El cristianismo, al revés que la "religión", no es exclusivista. Cree que Dios ama al mundo entero, no sólo a los que se profesan cristianos; sabe que el objeto de la salvación es la humanidad, creyente o no, y que Dios si Dios llama a algunos a la fe es para colaborar en la salud de todos los hombres.
El círculo exclusivo es la antítesis del cristianismo. Las religiones sostenían que la salvación sólo podía alcanzarse sometiéndose a ciertas prácticas rituales y confesiones orales. La humanidad, si quería salvarse, había de pasar bajo las horcas caudinas de la pertenencia a un credo. Lo que Dios pide, en cambio, es un modo de vida humano, y ése es el camino de la salvación. No insistimos en el papel y la necesidad de la Iglesia, expuestos hace un momento.
Por eso, la imposición de observancias es ajena al cristianismo. Como todo grupo humano que desea expresar sus convicciones y animarse en su tarea, compone y mantiene celebraciones. Este será el objeto del capítulo siguiente. Pero no se considera sujeto a obligaciones. La expresión, que nace de la convicción, del amor y del entusiasmo, de la alegría y el dolor compartidos, no vive de reglas ni admite imposiciones.

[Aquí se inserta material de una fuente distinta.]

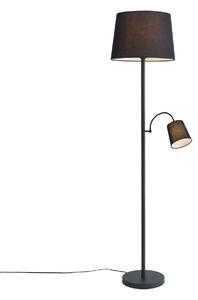Lampă de podea clasică neagră cu abajur negru și lampă de citit - Retro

La reglamentación y obligatoriedad de las observancias religiosas acaban por erigir barreras culturales o sociales. Tal fue el resultado de la Ley judía, y por eso tuvo Cristo que abatir con su cruz el muro divisorio, aboliendo en su carne la Ley con sus preceptos y reglas (Ef 2,14-15). Llevan a exclusivismos, separando a los hombres. Procuran evasiones, considerando importante lo secundario; ¡qué ridículas aparecen las minucias fariseas al lado del problema de vida o muerte en que se debatía Cristo o al lado de los problemas del hambre y la guerra en el mundo! Se eleva la observancia a criterio de bondad o maldad del individuo. Cristo terminó con eso: lo único que mancha al hombre es la actitud perversa hacia su semejante (Mc 7,15-21).